Thomas s’était douté que j’étais partie avec Pascal, je n’étais pas chez moi et je ne répondais pas à mes appels. J’ai prétendu que c’était faux, que j’étais partie avec une copine et je lui ai dis que d’après ce que je savais, il était parti à Ibiza avec Caroline. Apparemment, je faisais toujours ça quant j’avais quelque chose à cacher. Il m’a raconté à quel point que sa sœur était désespérée, elle ne supportait plus les frasques de son mari, qu’elle avait passé presque tout le week-end à pleurer. Elle se sentait si seule, elle ne supportait pas que Pascal la traite ainsi.
Je me demande s’il ne me parlait pas de Jess pour me culpabiliser? Je ne voulais pas me sentir coupable d’aimer Pascal, je ne voulais pas.

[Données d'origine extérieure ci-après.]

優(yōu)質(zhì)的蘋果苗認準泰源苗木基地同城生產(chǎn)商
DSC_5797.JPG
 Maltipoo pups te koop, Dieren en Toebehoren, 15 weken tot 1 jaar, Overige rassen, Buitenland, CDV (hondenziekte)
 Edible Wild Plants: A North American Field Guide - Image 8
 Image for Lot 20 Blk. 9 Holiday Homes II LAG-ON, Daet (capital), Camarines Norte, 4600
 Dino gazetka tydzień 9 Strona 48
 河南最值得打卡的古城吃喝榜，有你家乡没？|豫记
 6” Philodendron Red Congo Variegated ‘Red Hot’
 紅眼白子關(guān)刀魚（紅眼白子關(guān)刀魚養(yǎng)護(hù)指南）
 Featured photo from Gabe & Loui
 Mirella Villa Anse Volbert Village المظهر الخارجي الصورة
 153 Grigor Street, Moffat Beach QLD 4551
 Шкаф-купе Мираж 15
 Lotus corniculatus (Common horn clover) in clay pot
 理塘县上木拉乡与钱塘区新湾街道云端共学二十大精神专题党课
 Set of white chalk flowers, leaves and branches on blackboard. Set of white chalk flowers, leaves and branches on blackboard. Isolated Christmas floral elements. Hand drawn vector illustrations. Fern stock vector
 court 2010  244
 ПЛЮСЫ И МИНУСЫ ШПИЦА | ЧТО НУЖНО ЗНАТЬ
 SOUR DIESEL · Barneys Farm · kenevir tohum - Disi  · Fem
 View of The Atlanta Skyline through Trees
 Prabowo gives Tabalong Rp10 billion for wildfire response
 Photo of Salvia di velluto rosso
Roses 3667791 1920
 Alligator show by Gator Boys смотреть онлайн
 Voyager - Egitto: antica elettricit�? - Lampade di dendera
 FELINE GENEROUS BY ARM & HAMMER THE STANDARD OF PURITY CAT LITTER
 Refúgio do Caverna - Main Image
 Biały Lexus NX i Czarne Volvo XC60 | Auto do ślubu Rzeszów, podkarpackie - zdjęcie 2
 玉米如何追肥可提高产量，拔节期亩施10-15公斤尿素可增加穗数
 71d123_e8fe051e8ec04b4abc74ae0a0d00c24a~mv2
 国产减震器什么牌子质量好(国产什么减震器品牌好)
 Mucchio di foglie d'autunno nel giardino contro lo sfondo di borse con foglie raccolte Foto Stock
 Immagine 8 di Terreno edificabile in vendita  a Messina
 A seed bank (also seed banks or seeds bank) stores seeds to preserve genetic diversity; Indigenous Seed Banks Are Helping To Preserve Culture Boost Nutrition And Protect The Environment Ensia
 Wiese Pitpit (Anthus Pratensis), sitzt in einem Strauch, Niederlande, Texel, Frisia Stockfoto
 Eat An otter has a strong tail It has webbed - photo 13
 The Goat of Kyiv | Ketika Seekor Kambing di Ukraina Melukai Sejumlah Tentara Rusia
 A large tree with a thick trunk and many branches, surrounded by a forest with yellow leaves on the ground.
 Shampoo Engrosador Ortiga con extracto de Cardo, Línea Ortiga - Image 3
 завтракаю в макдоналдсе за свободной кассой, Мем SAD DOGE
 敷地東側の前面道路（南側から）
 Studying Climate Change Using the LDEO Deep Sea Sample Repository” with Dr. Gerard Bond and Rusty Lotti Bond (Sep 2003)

Pour changer de sujet, je lui ai demandé comment ça allait avec Maeva. Je n’aurai jamais dû, il y a certaine chose qu’on préfère ne pas savoir. Alors, ils avaient repris leur relation où elle était restée, mais ils se voyaient beaucoup plus souvent. Maeva lui avait fait accepter de la prendre plus souvent quant il sortait avec ses amis. Elle ne semblait pas réussir à s’intégrer, ni à se faire accepter, alors ça l’embarrassait un peu. Mais, il faisait des efforts. De toute manière, il n’y avait rien de définitif, ni de sérieux entre eux, et ça, elle en était consciente. Maeva savait qu’il continuait à fréquenter d’autres filles, c’était comme ça.
Thomas m’a raccompagnée après avoir insisté que j’aille prendre un verre chez lui. Mais, ça hélas, je ne pouvais pas, Pascal risquait de l'interpréter de travers et je me méfiais que Thomas lui raconte autre chose. Thomas m’a embrassée en me disant bonne nuit, j’ai pas su l’éviter. Ça par contre, je ne sais pas si je le dirais à Pascal.